Nos últimos anos, a telessaúde no Brasil cresceu 65%, com 2,5 milhões de atendimentos realizados em 2024, comparado a 1,5 milhão no ano anterior. O objetivo do Ministério da Saúde é alcançar 10 milhões de atendimentos a distância até 2027, consolidando o país como referência em saúde digital integrada ao SUS. Atualmente, existem 26 Núcleos de Telessaúde em 17 estados.
Estrutura dos Kits e Conectividade
Os kits de telessaúde incluem equipamentos como notebooks, teclados e webcams, e serão entregues até o final de novembro. Para garantir a eficácia do programa, o Ministério da Saúde também investe em conectividade. Em 2023, 920 UBS em áreas remotas foram conectadas via satélite, e outras 3 mil receberão fibra ótica até o fim do ano. 87% das UBS já utilizam prontuário eletrônico, facilitando a integração com a Rede Nacional de Dados em Saúde (RNDS).
Expansão da Telessaúde
Além da distribuição dos kits, o Ministério da Saúde lançou dois editais para expandir a oferta de Núcleos de Telessaúde. O primeiro edital visa credenciar hospitais do setor privado para atender a rede do SUS, enquanto o segundo é destinado a Secretarias de Saúde e Instituições de Ensino Superior. As propostas devem ser apresentadas até 6 de setembro.

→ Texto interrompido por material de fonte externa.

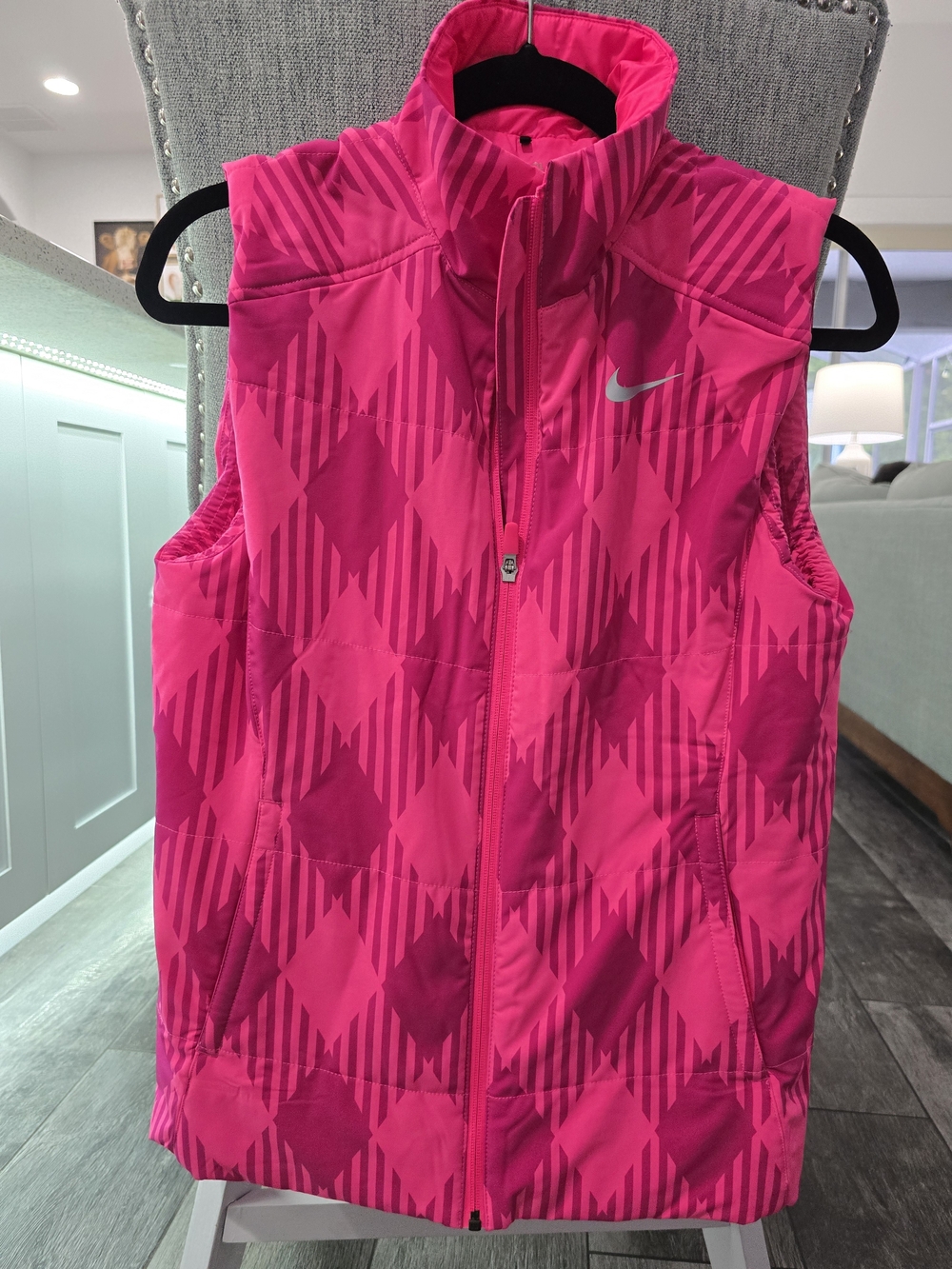 Nike Bright Pink Quilted Sleeveless Vest with Reflective Swoosh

Os novos Núcleos de Telessaúde seguirão protocolos nacionais que padronizam fluxos de atendimento e critérios de elegibilidade. Os serviços incluem teleconsultoria, teleconsulta, teleinterconsulta e telemonitoramento, adaptando-se às necessidades dos pacientes.
Catálogo Nacional de Telessaúde
Uma inovação importante será a criação do Catálogo Nacional de Telessaúde, que integrará serviços qualificados disponíveis para contratação pelos gestores locais. Essa medida visa promover uma jornada do paciente mais eficiente, desde a triagem até o encaminhamento, melhorando a resolutividade clínica e a integração entre os setores público e privado. Além disso, protocolos específicos para atendimentos em telessaúde serão implementados, estabelecendo diretrizes claras para os serviços.